TechnitiumSoftware / DnsServer

Technitium DNS Server
https://technitium.com/dns/
GNU General Public License v3.0
4.27k stars 418 forks source link

Zone lost after several unclean shutdowns #621

Closed micush closed 1 year ago

micush commented 1 year ago

Hi,

I'm running a test instance in a Ubuntu 22.04 KVM VM with the test zone "lan". Most of the time if I hard power off the VM the zone survives and is loaded on the next boot. However, sometimes after a hard power off or reset the zone disappears and I have to recreate it or restore it from backup. Can you investigate please? It's a bit cumbersome to have to recreate the zone sometimes after a hard power off.

Thanks and Regards,

micush

ShreyasZare commented 1 year ago

Thanks for the post. This is not an issue with the DNS server and this issue cannot be fixed with any kind of software too.

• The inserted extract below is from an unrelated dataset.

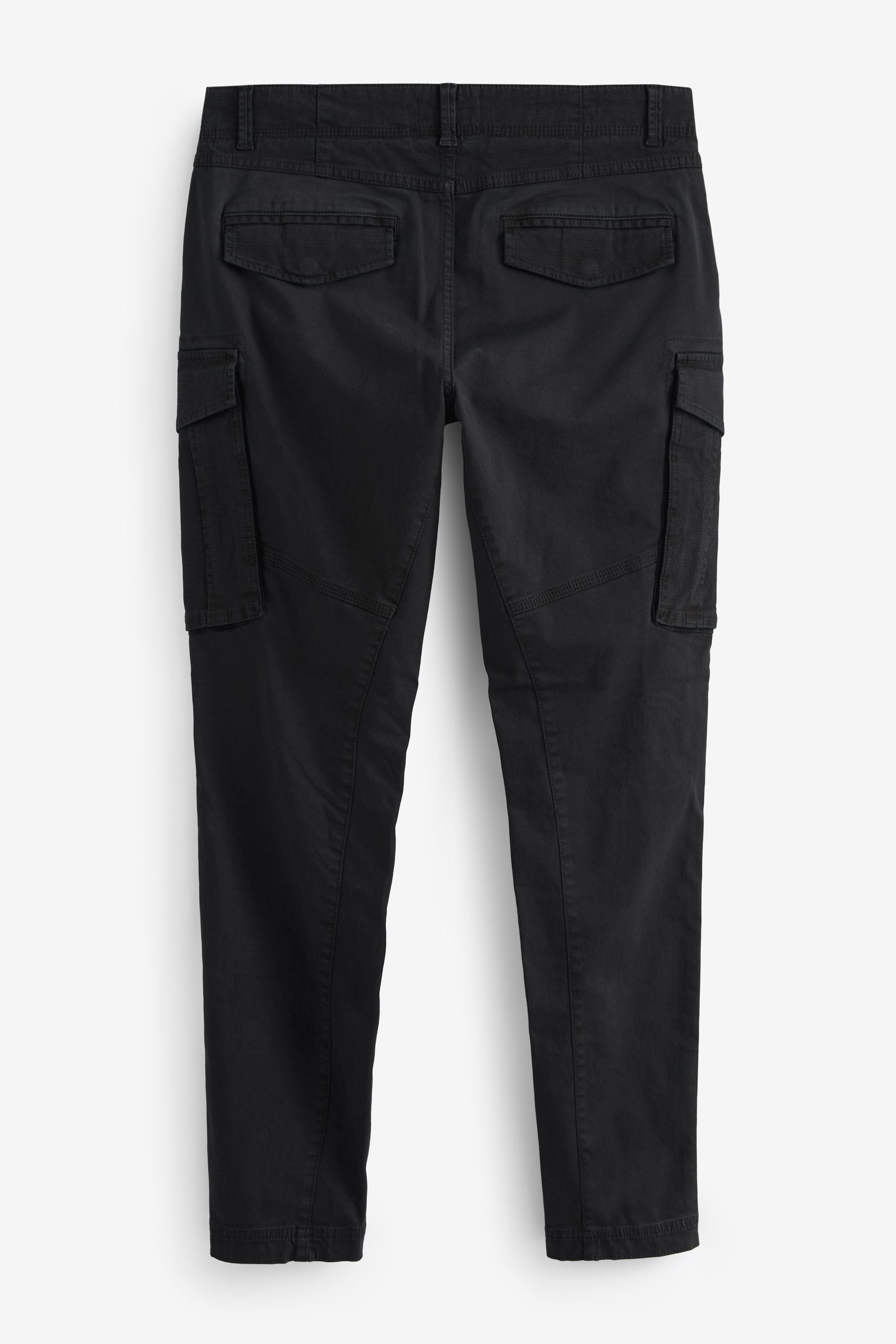 Black slim shop cargo trousers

The zone are are missing since your VM's file system is getting corrupt. Someday, a critical system file will get corrupt and then your VM will stop booting.

So, never do hard power resets and get a UPS for your hardware too to prevent it due power fluctuations.

micush commented 1 year ago

This is not even remotely the case. I run GNS3 on my laptop (with a good battery) and this VM within GNS3. I have a few primary zones defined in TDNS. Only the specific zone "lan" is disappearing. None of the other zones disappear after a few power resets, just this one specific zone. Either way I'll figure it out. Thanks for the sage computing advice. Much appreciated.

Hemsby commented 1 year ago

Do you have any logs? Before and after the force reset?

ShreyasZare commented 1 year ago

The zones are files on the disk. If the specific "lan" zone is missing then it means that the "lan.zone" file is missing from the file system.So, it is a file system corruption issue caused due to the OS unable to flush the file system cache to disk before the hard reset.

echodreamz commented 1 year ago

So... you are hard powering off a VM and wondering why bad things are happening?

micush commented 1 year ago

It's ext4. It's journalled. There should never be data loss with it, even in the event of a power failure. And indeed, I have zero data loss with it. Except for one specific TDNS zone out of many.

echodreamz commented 1 year ago

You should also not be hard powering off the instances either, that's just bad practice/behavior. Perhaps shutting the instance down cleanly and correctly would be the correct behavior and fix? I've had data loss on ext4 volumes before, just because it's journaled, doesnt mean it's fully tolerant.

ShreyasZare commented 1 year ago

It's ext4. It's journalled. There should never be data loss with it, even in the event of a power failure. And indeed, I have zero data loss with it. Except for one specific TDNS zone out of many.

You can test this issue easily. Next time when this issue comes up, just check the config/zones folder to see if the zone file for the lost zone exists or not. The DNS server will not delete the zone file unless you delete the zone manually. So, if the zone file is missing then its file system issue.

If the file exists but is not showing as zone in DNS server then the contents of the file must be corrupt and you should have error log entry for it in DNS logs. As far as I know, the journaling only works with meta data and the file contents are prone to corruption on power loss.

ShreyasZare commented 1 year ago

Closing this issue since it cannot be fixed in code.